Novel Low Workfunction Semiconductors for Calorimetry and Detection: High Energy, Dark Matter and Neutrino Phenomena

TL;DR

This paper explores the potential of low workfunction semiconductor materials Cs3Sb and Ag-O-Cs for advanced calorimetry and detection applications, emphasizing their low electron-hole pair energies and suitability for low-energy particle detection at cryogenic temperatures.

Contribution

It proposes fabricating these semiconductors into shapes and volumes suitable for diode or ion detection, extending their use beyond traditional photocathodes for low-energy particle detection.

Findings

Ag-O-Cs has an electron-hole pair threshold of 0.5-0.7 eV at low temperatures.

Cs3Sb exhibits a pair energy of 1.6-2 eV, lower than silicon.
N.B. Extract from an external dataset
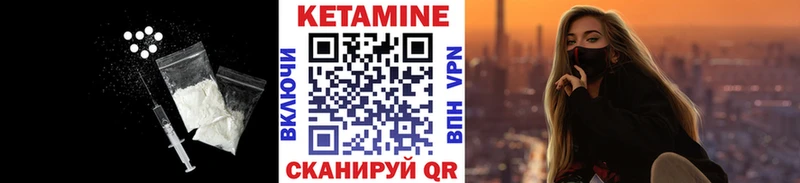 Кетамин VHQ  Крым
Photomultiplier photocathodes show minimal degradation after high radiation doses.

Abstract

This White Paper seeks to extend the applications of two weakly bound semiconductor materials, Cs3Sb and Ag-O-Cs first developed decades ago for vacuum photodetectors S1, S-11 photocathodes, respectively, proven to have low electron-hole pair energies. Rather than thin film photocathodes, we propose fabrication of these semiconductors in shapes and volumes which could be used as diode or drifted ion detectors for low energy depositions via atom or few-atomic layers. Ag-O-Cs has an e-hole pair threshold pair low as 0.5-0.7 eV deposited energy, practical when cooled below 4 degrees K; Cs3Sb, with pair energy as low as 1.6-2 eV - less than Si (3.6 eV), but with thermal noise at room temperature similar to Si at -30 deg C. Exposure of photomultipliers to 10 MRad doses has shown that thin alkali photocathodes do not degrade more than 2% of initial quantum efficiency.